Когда "папа" объявился в 1978 или 1979 году в Америке, послав мне экземпляр напечатанной Карлом проффером повести "Компромисс" с дарственной надписью: "Милой Асе и ее семейству - дружески", я осмотрительно решила не оповещать Машу о приезде отца. Решение это в дальнейшем не пересматривалось, пока не случилось нечто поистине неожиданное. Однажды в нашем американском доме, как гром среди ясного неба, раздался звонок из Нью-Йорка: "Асеночек, так называет меня моя подруга Нина Перлина, - умер Сережа. часа два назад. Подробностей пока не знаю. Позвоню позже. Похороны послезавтра." Я была в шоке. И тут мне предстоит покаяться перед Сережей, что моей первой мыслью все же была мысль не о нем. Как, в какой форме оповестить Машу о гибели ее отца в Нью-Йорке? Как объяснить двадцатилетней девочке, что, не будь ее мать тем, что она есть, Маша могла бы познакомиться со своим отцом при жизни.

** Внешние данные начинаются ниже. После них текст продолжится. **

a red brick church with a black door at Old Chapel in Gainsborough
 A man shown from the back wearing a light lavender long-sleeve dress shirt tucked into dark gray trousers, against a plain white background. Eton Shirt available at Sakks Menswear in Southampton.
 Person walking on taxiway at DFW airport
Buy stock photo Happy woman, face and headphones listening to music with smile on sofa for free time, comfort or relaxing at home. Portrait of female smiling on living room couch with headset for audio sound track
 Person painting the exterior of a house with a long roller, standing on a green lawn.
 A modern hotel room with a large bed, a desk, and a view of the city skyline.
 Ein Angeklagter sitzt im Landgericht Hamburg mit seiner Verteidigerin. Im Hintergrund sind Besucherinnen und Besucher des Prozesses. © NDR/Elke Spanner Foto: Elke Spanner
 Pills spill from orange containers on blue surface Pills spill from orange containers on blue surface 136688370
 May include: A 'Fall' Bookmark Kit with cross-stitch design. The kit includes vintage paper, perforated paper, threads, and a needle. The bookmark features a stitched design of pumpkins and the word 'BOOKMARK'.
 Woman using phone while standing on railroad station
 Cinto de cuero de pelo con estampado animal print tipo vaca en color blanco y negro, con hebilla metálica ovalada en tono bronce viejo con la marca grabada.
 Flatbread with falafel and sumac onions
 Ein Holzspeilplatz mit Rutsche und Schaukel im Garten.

Одно казалось кристально ясным. Нужно было немедленно рассказать Маше, и как можно подробнее, о ее отце, после чего предоставить ей выбор. Если то, что она услышит, склонит ее в пользу свидания с отцом, она поедет на похороны. И я поеду вместе с ней. Если по каким-либо причинам ей этот единственный шанс знакомства с отцом покажется неприемлемым, я поступлю по ее усмотрению. Наш разговор длился всю ночь. Маша стоически вынесла мои импровизированные истории об отце и о нашей молодости. Всю ночь из нашей комнаты раздавались хохот и всхлипывания. Часов в пять утра моя бедная девочка сказала: "Ну, иди спать. Ведь завтра же в дорогу. Когда еще удастся поспать, неизвестно".